2%); this is further shown in Table 3. However, it should be further noted that in both cases the performance of the APCI-MS as a tool for geographical provenance determination was very good considering the high intrinsic variability due to the use of commercial samples. LY294002 Whilst the use of commercial samples does allow the inclusion of true sample variability, it does not permit strict control of process parameters that support a mechanistic explanation of the model (e.g. cultivation and irrigation practices, environmental factors, edaphological parameters, post-harvesting practices).

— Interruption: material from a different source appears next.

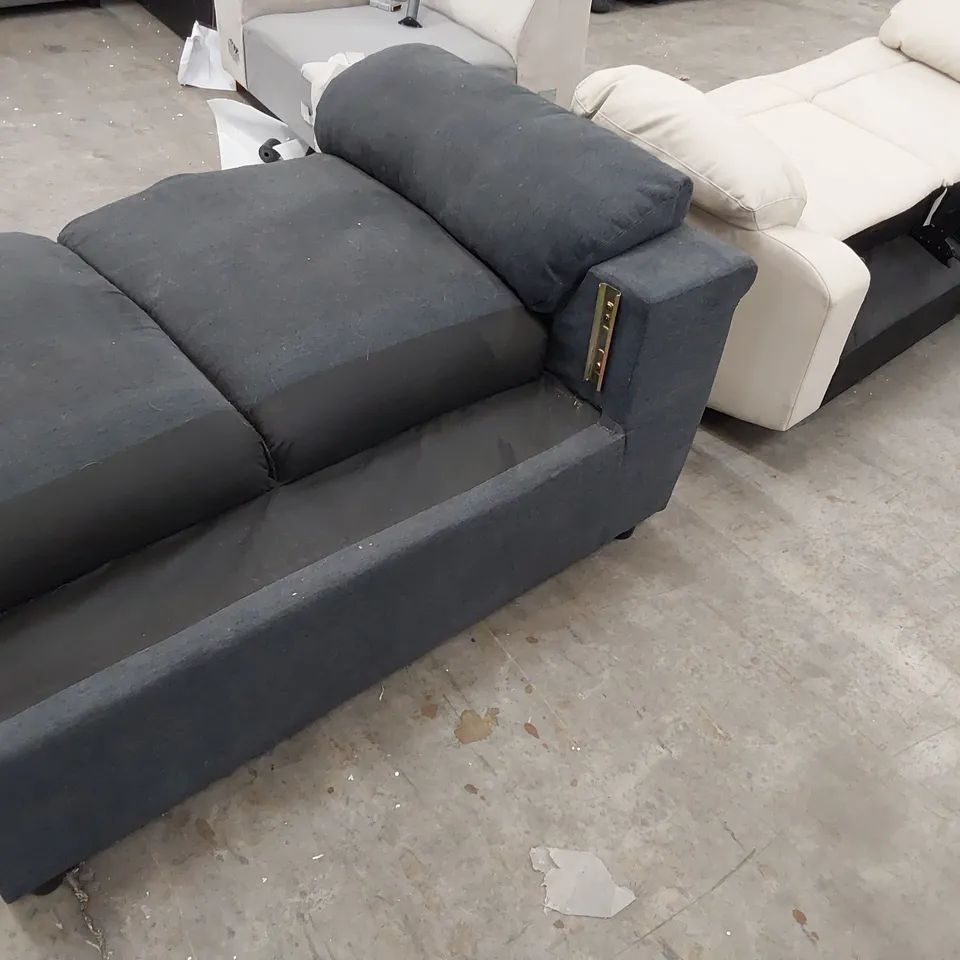 TWO SEATER MANUAL RECLINING SOFA BASES CREAM LEATHER & CHARCOAL FABRIC SECTION BASE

In both internal and external validation datasets the samples originating from New Zealand
were all successfully classified, and of the total 135 samples only 4 were misclassified, resulting in an error rate of <3%. There was a similar correlation of m/z to principle components, to that observed previously ( Fig. 4b). More specifically, the first axis is proposed to be related to alkyl-esters (m/z 61, 75, 85, 89,
103, 117, 131, 145) and dehydrated alcohols (i.e. m/z 85 for 1-hexanol, m/z 57 for 1-butanol) in the form of fragments or parent ions. The second most powerful discriminating factor is shown on PC 2 and was found to associated with the green-grassy odour like volatiles such as 1-hexanal and trans-2-hexenal (m/z 101 and 99, respectively), or 1-hexanal and cis-hex-3-en-ol selleck chemical (m/z 83). Thus, complete discrimination between New Zealand and South Africa juices appear to be dependent on the ester-related flavour notes (fruity–flowery), whilst the Chilean samples appear to be discriminated by moderate ester concentration and low amounts of green-grassy flavour type volatiles. Finally, it should be noted that the variability of the New Zealand and South Africa labelled juices based on the green-grassy flavour criterion was quite high which would indicate differences in the ripening level of the sampled apples. In conclusion, a PLS-DA chemometric approach was demonstrated to be a viable tool for the interpretation of raw APCI-MS data. The models generated were robust enough to reliably discriminate (100% correct
classification with external validation set) Tolmetin apple juices prepared from Braeburn, Golden Delicious, Granny Smith, Jazz and Pink Lady varieties, furthermore developments on the model allowed the reliable (94.2% correct classification with external validation set) discrimination of the geographical provenance of monovarietal clarified apples from Chile, New Zealand and South Africa. “
“Coffee is one of the most valuable basic products, constituting the second major commodity just after oil (ICO, 2012 and Nabais et al., 2008). According to the International Coffee Organization – ICO (2012), the total coffee production in crop year 2011/2012 was about 131.3 million bags (each bag weighing 60 kg), with approximately 33.1% produced in Brazil.